===== SOURCE INFORMATION =====

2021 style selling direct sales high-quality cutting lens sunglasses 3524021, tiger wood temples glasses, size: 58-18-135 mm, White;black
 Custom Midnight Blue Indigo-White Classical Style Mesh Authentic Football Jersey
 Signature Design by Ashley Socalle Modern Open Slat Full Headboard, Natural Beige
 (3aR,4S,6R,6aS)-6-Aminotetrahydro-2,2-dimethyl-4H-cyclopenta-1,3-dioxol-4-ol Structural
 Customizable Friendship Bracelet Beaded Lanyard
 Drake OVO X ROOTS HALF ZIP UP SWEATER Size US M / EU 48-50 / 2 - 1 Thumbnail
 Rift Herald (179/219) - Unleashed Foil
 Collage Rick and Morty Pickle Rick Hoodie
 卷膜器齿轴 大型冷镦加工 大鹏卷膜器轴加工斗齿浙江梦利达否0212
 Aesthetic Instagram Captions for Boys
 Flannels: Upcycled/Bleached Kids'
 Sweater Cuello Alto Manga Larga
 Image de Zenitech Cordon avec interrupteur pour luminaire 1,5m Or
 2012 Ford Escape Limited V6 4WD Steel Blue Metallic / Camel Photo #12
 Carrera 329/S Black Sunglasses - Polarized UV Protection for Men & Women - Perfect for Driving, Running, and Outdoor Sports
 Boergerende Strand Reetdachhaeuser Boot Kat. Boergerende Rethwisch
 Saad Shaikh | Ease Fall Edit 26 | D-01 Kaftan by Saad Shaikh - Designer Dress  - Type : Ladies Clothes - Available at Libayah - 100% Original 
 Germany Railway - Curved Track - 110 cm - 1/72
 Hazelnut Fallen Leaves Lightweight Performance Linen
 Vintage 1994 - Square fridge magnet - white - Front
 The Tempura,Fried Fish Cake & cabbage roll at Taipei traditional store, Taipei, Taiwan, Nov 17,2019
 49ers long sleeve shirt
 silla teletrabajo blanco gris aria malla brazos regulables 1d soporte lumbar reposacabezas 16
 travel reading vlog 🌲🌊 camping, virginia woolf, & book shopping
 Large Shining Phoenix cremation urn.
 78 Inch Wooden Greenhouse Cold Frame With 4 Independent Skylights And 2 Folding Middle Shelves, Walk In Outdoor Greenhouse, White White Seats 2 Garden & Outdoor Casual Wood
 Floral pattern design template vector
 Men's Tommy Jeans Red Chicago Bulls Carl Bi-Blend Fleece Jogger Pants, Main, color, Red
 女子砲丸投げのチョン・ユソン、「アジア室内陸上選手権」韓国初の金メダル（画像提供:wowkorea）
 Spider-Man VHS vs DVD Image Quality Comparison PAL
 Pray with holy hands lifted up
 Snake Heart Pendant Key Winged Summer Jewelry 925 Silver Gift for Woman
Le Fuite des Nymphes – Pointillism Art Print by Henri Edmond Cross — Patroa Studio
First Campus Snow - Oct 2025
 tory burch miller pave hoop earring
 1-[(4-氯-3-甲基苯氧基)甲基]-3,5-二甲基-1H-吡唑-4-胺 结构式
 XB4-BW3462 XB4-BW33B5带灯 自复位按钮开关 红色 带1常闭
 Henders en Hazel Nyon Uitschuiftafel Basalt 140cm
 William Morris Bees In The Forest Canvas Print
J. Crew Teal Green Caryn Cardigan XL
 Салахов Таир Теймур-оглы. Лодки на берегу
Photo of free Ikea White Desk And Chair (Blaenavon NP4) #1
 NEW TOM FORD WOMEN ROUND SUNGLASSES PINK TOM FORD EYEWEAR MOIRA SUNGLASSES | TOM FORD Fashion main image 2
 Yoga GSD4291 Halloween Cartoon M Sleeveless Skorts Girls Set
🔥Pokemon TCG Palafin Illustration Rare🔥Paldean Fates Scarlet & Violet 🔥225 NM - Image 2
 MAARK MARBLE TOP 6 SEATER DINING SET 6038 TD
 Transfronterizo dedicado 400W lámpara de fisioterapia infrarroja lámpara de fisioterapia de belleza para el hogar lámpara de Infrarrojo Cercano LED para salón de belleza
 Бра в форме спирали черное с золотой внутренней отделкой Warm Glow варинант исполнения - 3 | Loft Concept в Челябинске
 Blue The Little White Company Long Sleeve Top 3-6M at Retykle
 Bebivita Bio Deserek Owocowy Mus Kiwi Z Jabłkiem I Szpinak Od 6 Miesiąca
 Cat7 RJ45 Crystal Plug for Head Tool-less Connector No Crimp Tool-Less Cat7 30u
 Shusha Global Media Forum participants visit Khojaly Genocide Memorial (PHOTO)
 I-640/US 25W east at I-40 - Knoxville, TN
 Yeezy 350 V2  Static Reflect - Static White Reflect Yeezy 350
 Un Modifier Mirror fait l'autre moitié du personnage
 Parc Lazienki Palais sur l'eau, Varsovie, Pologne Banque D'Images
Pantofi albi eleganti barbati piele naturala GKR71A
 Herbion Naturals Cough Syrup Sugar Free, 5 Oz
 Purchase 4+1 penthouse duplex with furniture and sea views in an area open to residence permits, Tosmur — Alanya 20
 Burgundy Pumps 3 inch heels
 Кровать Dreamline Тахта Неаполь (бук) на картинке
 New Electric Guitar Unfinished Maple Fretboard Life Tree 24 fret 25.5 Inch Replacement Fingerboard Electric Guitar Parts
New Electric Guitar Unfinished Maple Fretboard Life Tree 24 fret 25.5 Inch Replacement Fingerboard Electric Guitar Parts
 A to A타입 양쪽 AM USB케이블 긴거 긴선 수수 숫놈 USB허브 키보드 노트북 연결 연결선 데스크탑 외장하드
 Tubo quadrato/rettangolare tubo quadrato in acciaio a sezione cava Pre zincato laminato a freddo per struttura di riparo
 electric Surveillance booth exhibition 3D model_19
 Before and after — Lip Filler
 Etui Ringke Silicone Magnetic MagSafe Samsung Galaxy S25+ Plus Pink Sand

=====

• WHAT TO PRODUCE
Isolate the lines above that contain the word "Outdoor" and copy them.

• OUTPUT BELOW
 Carrera 329/S Black Sunglasses - Polarized UV Protection for Men & Women - Perfect for Driving, Running, and Outdoor Sports
 78 Inch Wooden Greenhouse Cold Frame With 4 Independent Skylights And 2 Folding Middle Shelves, Walk In Outdoor Greenhouse, White White Seats 2 Garden & Outdoor Casual Wood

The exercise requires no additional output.